Do the fastest-growing regions produce the highest equity returns?
 

By: Dan Rasmussen & Chris Satterthwaite

No one who’s been paying any sort of attention to the stock market has missed the dramatic outperformance over the past decade of US equities relative to international markets. 

A recent study by AQR found that the biggest driver of this outperformance was real growth, with US companies growing significantly faster than international peers. The below chart shows average (not compounded) equity returns for the US, Europe, Japan, and emerging markets over the past 10 years relative to the average (not compounded) annual revenue growth for companies in each market. 

Figure 1: Equity Returns and Revenue Growth

Source: Capital IQ, Verdad

It is all too easy to extrapolate the US’s strong corporate revenue growth into the future and argue that this will be a continued source of US outperformance in the future. But growth leadership changes frequently, and, looking on a more granular basis, there’s reason to doubt the connection between higher relative growth and higher relative equity returns.

The methodology used to calculate annual revenue growth is inspired by an academic paper on macro forecasting using financial statements: we aggregate the revenue of all companies in each region and create a daily updated index of year-over-year revenue growth. We can see revenue growth moving in real time in the below chart.

Figure 2: Real-Time YoY Revenue Growth by Region

Source: Capital IQ, Verdad

Our indexed revenue growth data shows that the US has won not necessarily by growing fastest every year (the US had the fastest regional growth in only 3 out of the last 10 years) but rather by having strong growth throughout the decade, with about 20% lower volatility than Europe or Japan.

But what’s perhaps most interesting is that regressing relative equity returns against relative revenue growth had no statistical significance. The fastest-growing equity markets did not concurrently earn the highest equity returns within each year. To understand why, examine the chart below, which shows average revenue growth versus average equity returns by region by year.

Figure 3: Average Revenue Growth vs. Average Equity Returns

Source: Capital IQ, Verdad

This is a lot of numbers (and a lot of colors), but note how unrelated the left and right sides appear to be. Take, for example, emerging markets, which grew the fastest from 2016 to 2020 (mainly driven by China) yet had lagging equity returns in 2018, 2019, and 2020. Or note how slowly the US grew revenue in 2023 yet how much the stock market outperformed.

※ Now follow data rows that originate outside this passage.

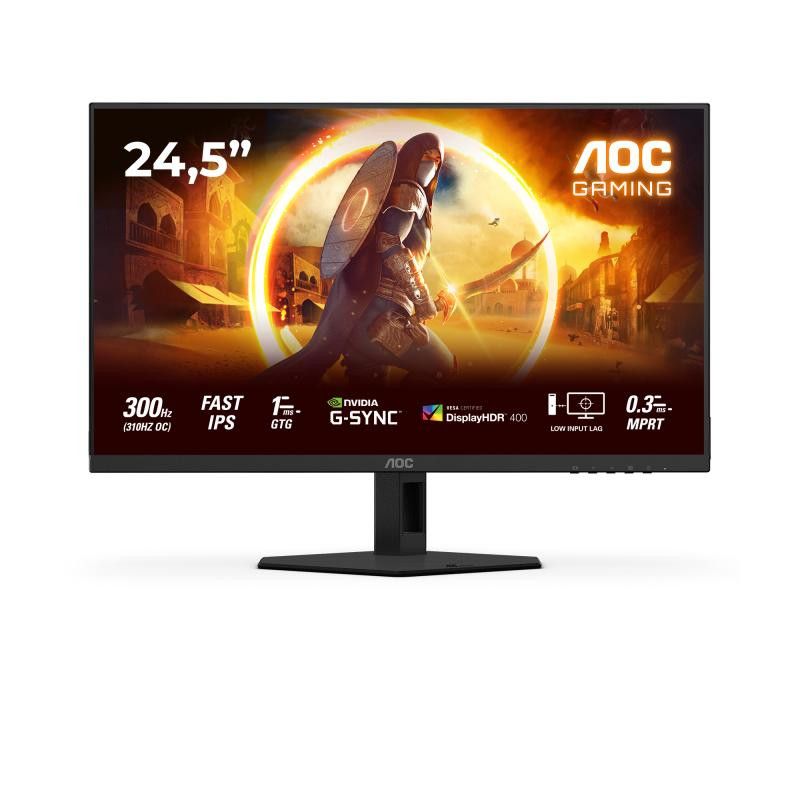 AOC G4 25G4SRE écran plat de PC 62,2 cm (24.5") 1920 x 1080 pixels Full HD LED Noir, Rouge · Moniteur · Informat Systems S...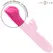 INTENSE Julieta Dual-Action Rechargeable Silicone Vibrator Pink 18.6cm
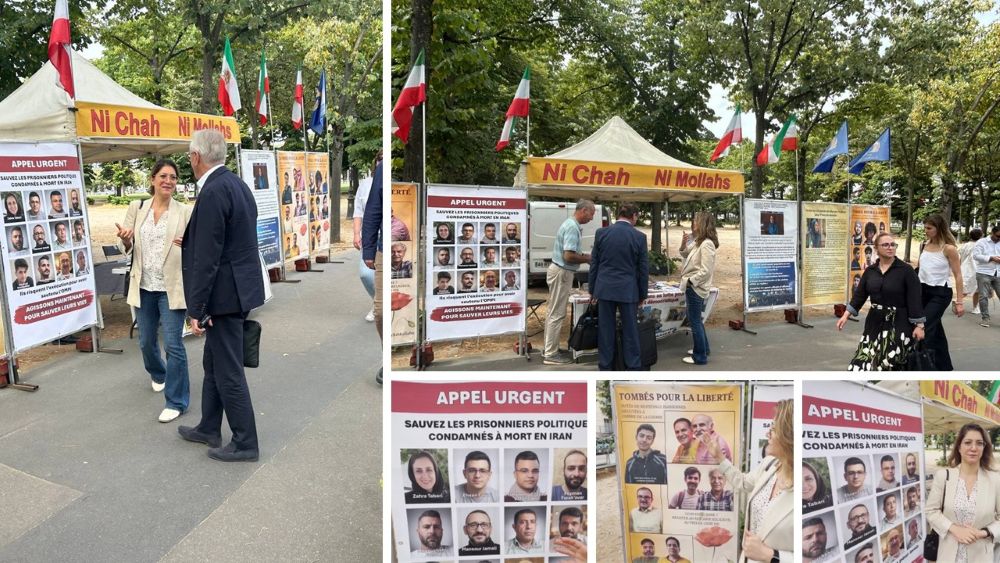 Paris exhibition highlights Iran’s executions crisis and the call for freedom, justice, and a democratic future.
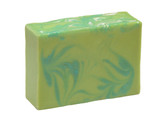Lemongrass Persian Lime Soap, fresh citrus with zesty limes and lemon peel and a sweet undertone.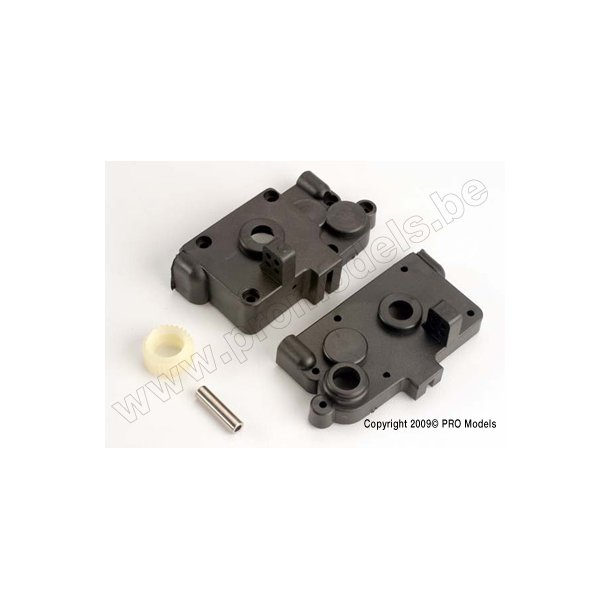 GEARBOX HALVES(L&R)/ IDLER GEA Traxxas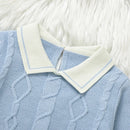 Macacão Manga Longa em Tricot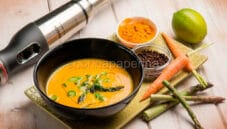 Crema di zucca e asparagi , semplicità e gusto Crema di zucca e asparagi , semplicità e gusto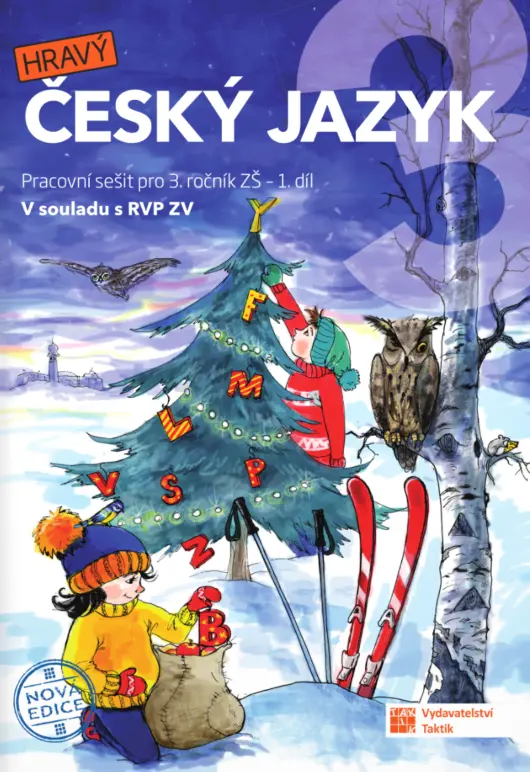 Český jazyk 3 - pracovní sešit - 1.díl - nová edice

There does not appear to be a strong year-to-year relationship between growth and equity returns. That is because prices are forward looking. To successfully bet on high revenue growth, one would need to accurately project this high relative growth over the course of multiple years into the future (e.g., predicting that the US would have the highest revenue growth over the next decade, starting in 2014).

In our opinion, a simple strategy of chasing high revenue growth at the country level doesn’t produce attractive returns when rebalancing monthly or annually. We believe the simple argument to invest in the fastest-growing region doesn’t work as an investment strategy—something investors should be conscious of as they hear the seductive calls to overweight the United States even further.